Keeping alive old ties with Myanmar

Hmmm, looks like the MEA can go both West and the East at the same time. New Delhi is sending Vice-President Bhairon Singh Shekhawat to Myanmar, around the time the PM flies off to Syria, Tajikistan, Uzbekistan. Shekhawat’s high-profile trip from April 1-4 symbolises New Delhi’s abiding interest in its eastern neighbour and adds to the heap of high-profile visits being undertaken by both sides. Myanmar’s strategic location, at the crossroads of Indo-China as well as astride the Bay of Bengal-Malacca Straits, makes this an important relationship.

Shekhawat will probably go to Mandalay, the home of the famed Glass Palace and the gracious old capital of the Burmese kings. Here is where history, barely a hundred years ago in 1885, threw in a twister. The last king of Burma was exiled by the British to Ratnagiri in Maharashtra, while India’s last Mughal emperor Bahadur Shah Zafar was exiled to Rangoon after the failed revolt of 1857.

US democracy only for Iraq, not Saudi

All those glued to the TV screens listening to Bush announce last week that regime change in Iraq would constitute the first blow for democracy in the region, would have done well to read other fine print in the US media. At the exact same time, the Washington Post reported, US diplomats in Riyadh were assuring the Saudi government that Washington had no intention of exporting the post-war ‘‘Iraqi model’’ of democracy into Saudi Arabia.

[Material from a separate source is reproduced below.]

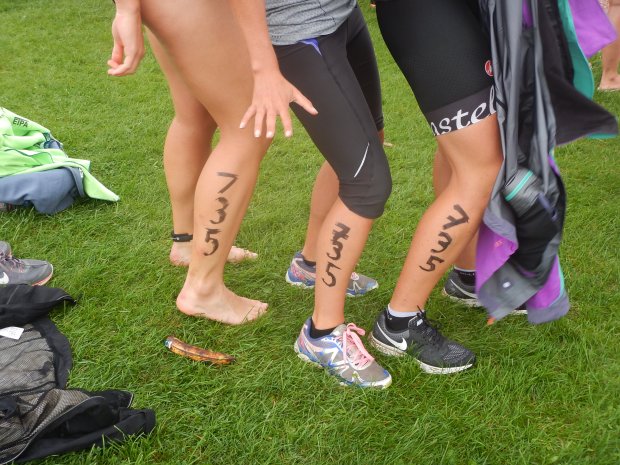 Ladies' legs marker-penned up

Clearly, the House of Al-Saud had been rocked by a National Reform Document signed by some 100 Saudis in January, demanding greater political reform and an elected lower house of Parliament to start with. An Internet site (www.tuvaa.com), which was inundated with similar signatures was soon closed down by the Saudi government. Significantly, those that signed on the dotted line of the reform document were hardly pro-West Saudi liberals, but radical Islamists and theologians.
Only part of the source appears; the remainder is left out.